Pada Agustus 2015 angka informalitas memang mulai menurun menjadi 57,76 persen, Agustus 2016 57,6 persen, pada Agustus 2017 turun menjadi 57,03 persen, turun lagi pada Agustus 2018 menjadi 56,84 persen dan Agustus menjadi 55,72 persen.
Di sisi lain, harus diakui bahwa Indonesia telah naik kelas sebagai negara berpenghasilan menegah atas atau upper middle income country. Pendapatan per kapita penduduk Indonesia rata-rata di angka US$4.580.
Namun, kemiskinan juga masih menjadi pekerjaan rumah. Sejak Maret 2015-Maret 2023, jumlah kemiskinan hanya turun 1,86 persen atau tidak seprogresif periode 2004-2014. Pada kurun waktu 2004-2014 kemiskinan turun dari 16,66 persen menjadi 10,66 persen atau 5,7 persen.
Berbagai persoalan struktural tersebut kemudian juga berimbas kepada pengelolaan anggaran.
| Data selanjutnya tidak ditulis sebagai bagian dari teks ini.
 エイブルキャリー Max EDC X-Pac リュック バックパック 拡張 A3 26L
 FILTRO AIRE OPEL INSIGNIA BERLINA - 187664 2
Soal pajak, misalnya, sampai dengan saat ini rasio pajak Indonesia masih sangat rendah jika dibandingkan dengan negara G20. Rasio pajak Indonesia hanya 10,39 persen. Sebaliknya, tarikan utang yang terus menerus, dan rezim anggaran yang gali lubang tutup lubang, telah mengakibatkan peningkatan rasio utang yang cukup signifikan. Proyeksi IMF rasio utang Indonesia di angka 39 persen.
Dari sisi jumlah, Indonesia masih lebih rendah dibandingkan dengan negara-negara lainnya, misalnya Jepang atau Amerika Serikat yang angkanya lebih dari 100 persen produk domestik bruto (PDB). Namun demikian, dengan rasio pajak yang hanya 10,36 persen, maka Indonesia jika mengacu kepada standar IMF yang di angka 15 persen, Indonesia memiliki risiko dari sisi fiskal untuk melakukan pembangunan yang berkelanjutan.